1829 yılında ilk baskısını yapan Bir İdam Mahkumunun Son Günü isimli yapıtını Victor Hugo, henüz yirmi altı yaşında genç bir yazarken ismini açıklamadan neşretmiştir.
Yazar, kitabın adından da anlaşılacağı gibi idama mahkum olmuş bir insanın, hayatına son verileceğini bilerek, ömrünün son altı haftası ve akabinde gelen yirmi dört saati içinde yaşadıklarını, bir gözlemci edasıyla anlatıyor bizlere. Elimizde bulunan ve günümüzden yaklaşık iki yüz yıl önce kaleme alınan bu "can çekişen düşünceler tutanağı", tüm insanlığın vicdanına seslenen bir manifesto aynı zamanda.
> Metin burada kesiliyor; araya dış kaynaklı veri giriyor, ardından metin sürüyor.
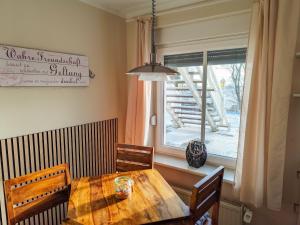 a dining room table with chairs and a window at Ferienwohnung Seerose mit Terrasse in Sassnitz +12 photos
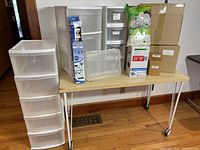 Overall view of plastic drawer units on table alongside boxed organizers and vacuum bag kits
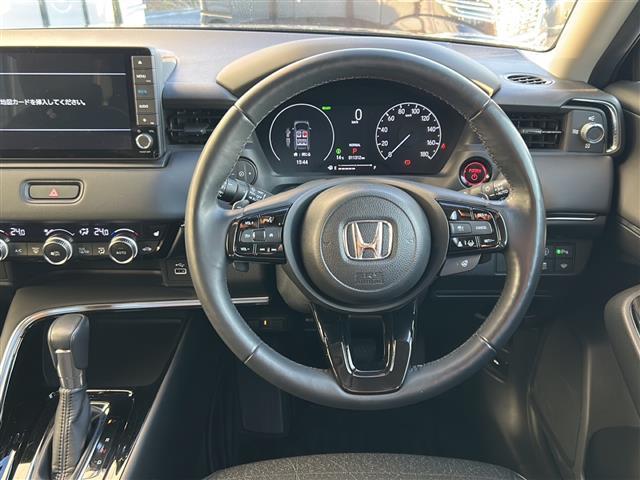 ヴェゼル e:HEV Z ホンダセンシング/寒冷地仕様/ドラレコ/純正ディスプレイオーディオ/BSM/バックカメラ/電動リアゲート/LEDオートライト/ハーフレザーシート/ステアリングヒーター/ステアリングスイッチ/純正AW(3枚目)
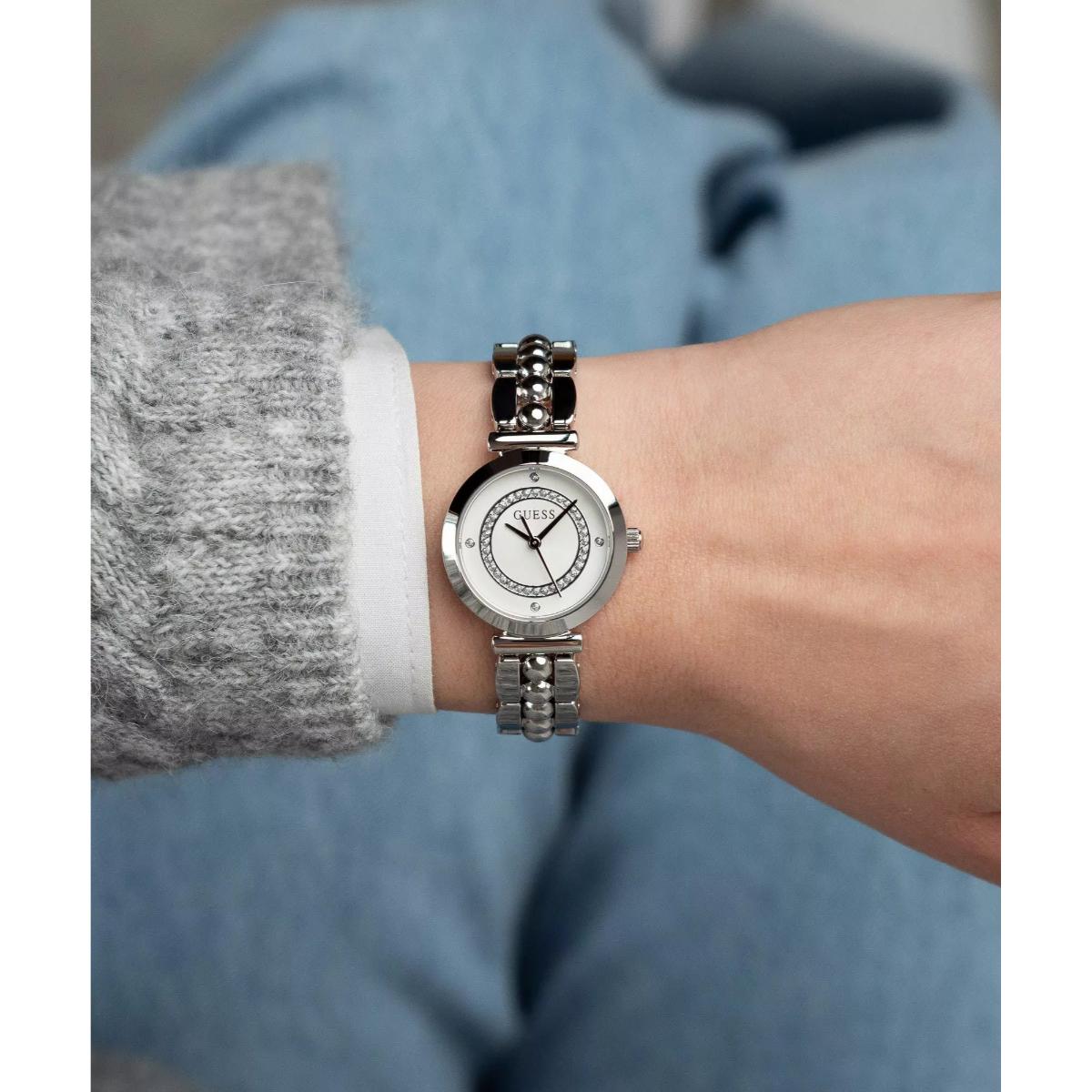 Silver watch on a wrist with a blurred background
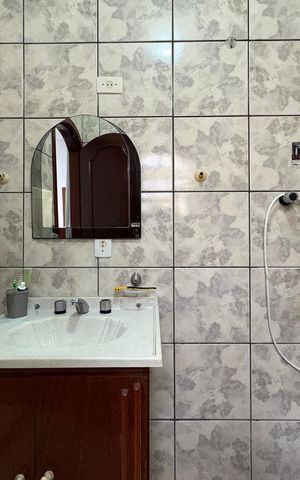 Casa à venda com 360m², 5 quartos e 5 vagas Casa à venda com 360m², 5 quartos e 5 vagasBanheiro da Suíte 2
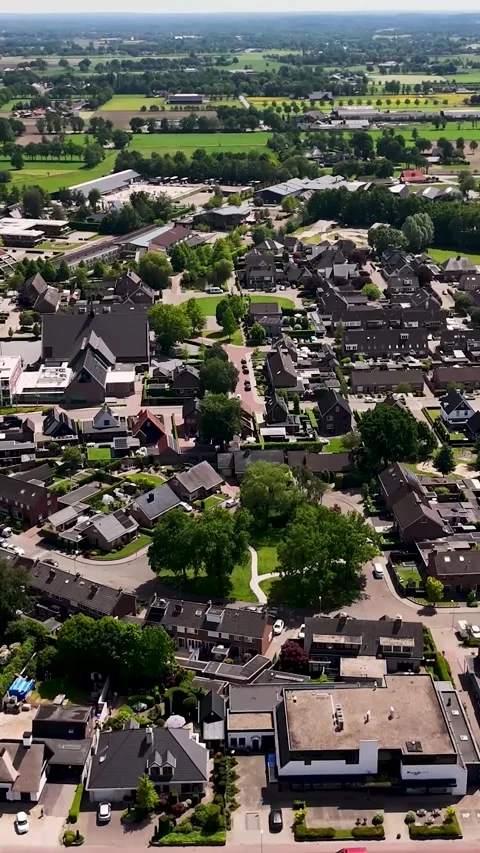 Aerial view flying over a small peaceful european town 動画素材 336496420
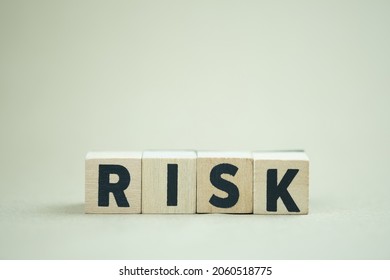 Wooden Cubes With The Word Risk. Risk Taking, Risk Management Or Assessment Concept. Eliminate Risk In Business Finance Decisions.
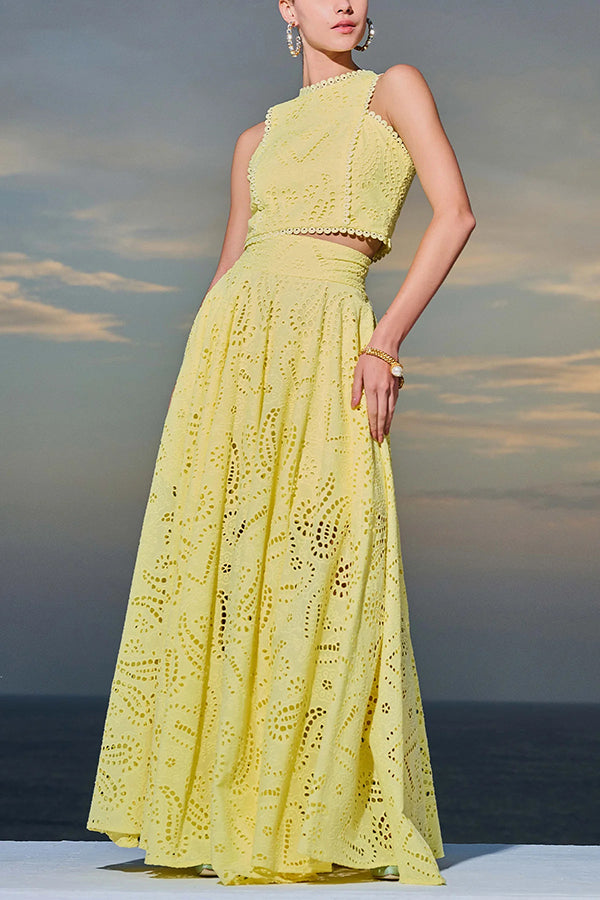 Yellow embroidered sleeveless crop top and high-waist maxi skirt set with scalloped trim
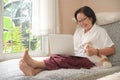 Elderly asian woman sitting on a sofa is using a laptop. She smiled happily, chihuahua dog sat on the side Royalty Free Stock Photo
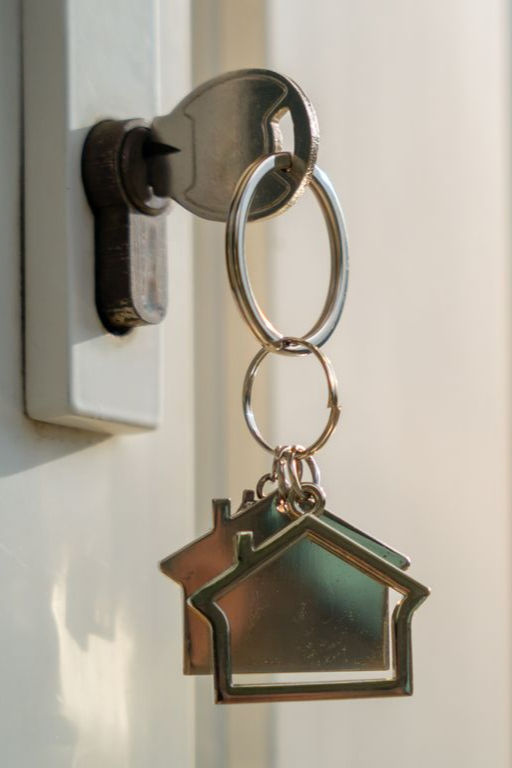 House key hanging in front door lock, symbolizing sell process and buy my house fast solution.
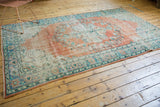 Textured distressed floral border in blue, mint green, and terra cotta of the Oushak rug.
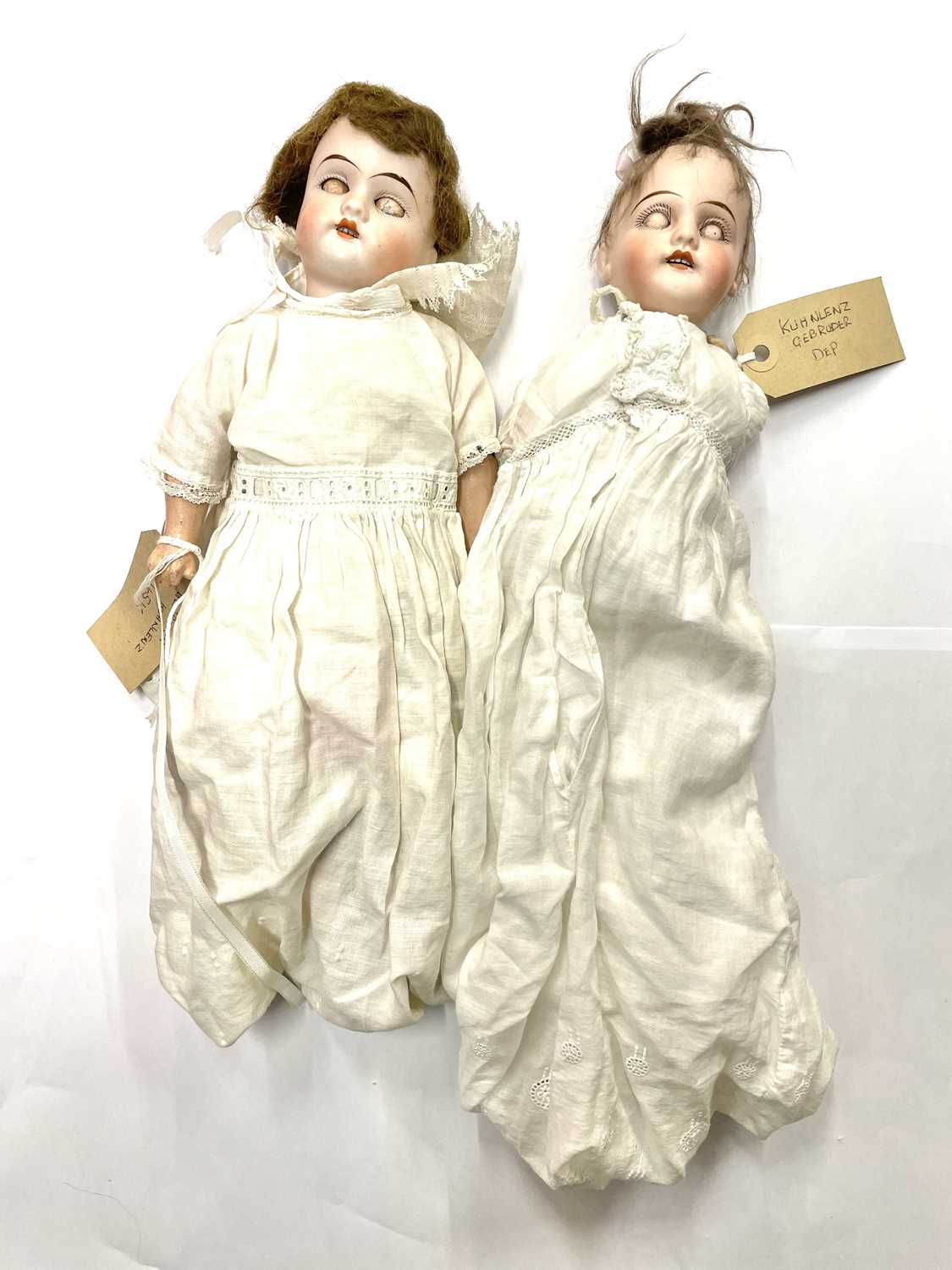 A pair of Gebruder Kuhnlenz bisque head dolls, to include: - An open-mouthed with blue eyed,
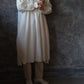 High count no collar bib dress 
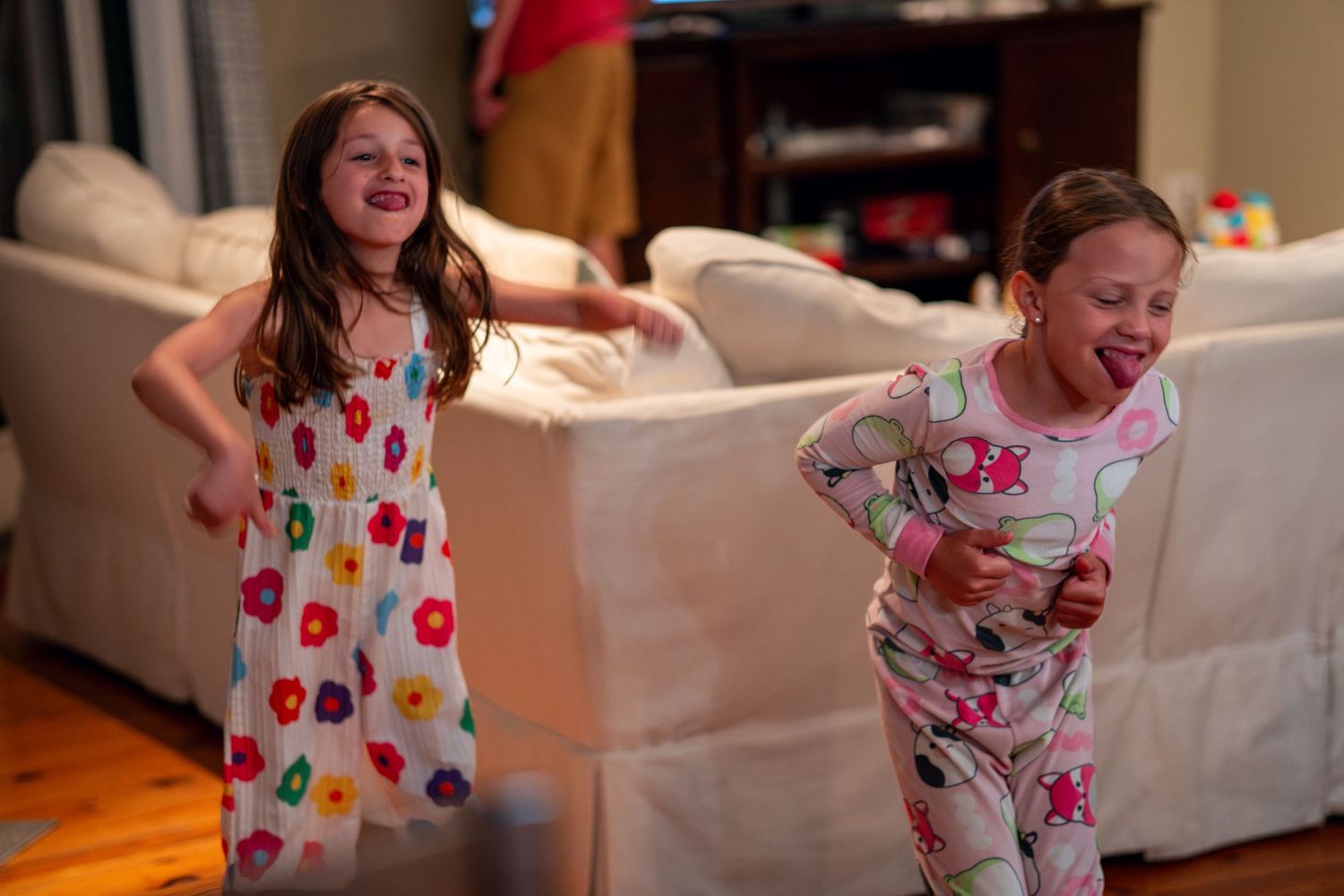 Two smiling girls in colorful pajamas dance and play together on a hardwood floor.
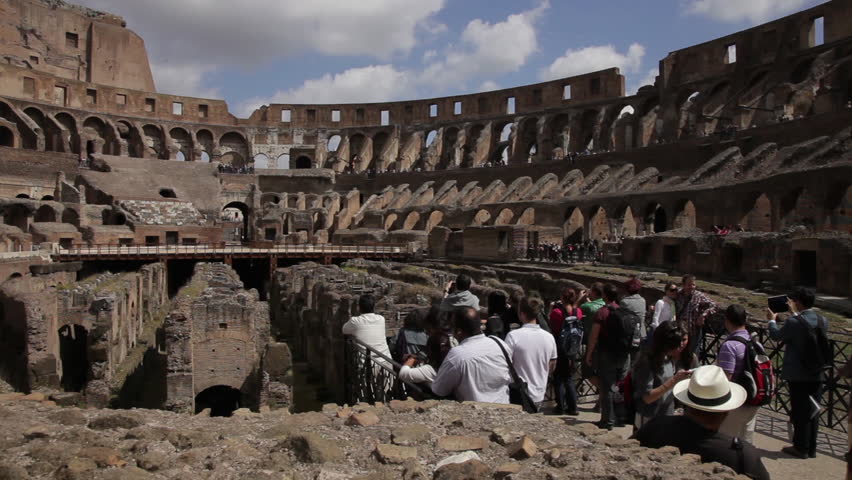 Tourists looking around inside the Colosseum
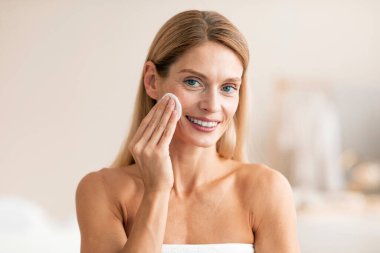 Cilt rutini kavramı. Mutlu orta yaşlı kadın pamukla cildi temizliyor, makyajı siliyor, beyaz havluya sarılıp kameraya gülümsüyor.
İdam cezasının Fransa'da 1981 yılında kaldırıldığını düşünürsek, yazarın idamın kaldırılmasına katkıda bulunmak adına yazmış olduğu bu eserdeki fikirlerinin tam anlamıyla anlaşılabilmesi için, ancak yüz elli yıllık bir zaman sürecinin geçmesi gerektiğini görüyoruz. İdam uygulamasına bir reddiye niteliği taşıyan eserinde Hugo, ölüm cezasının tüm gerekçelerinin geçersizliğini bir aydın duruşu sergileyerek haykırmaktadır.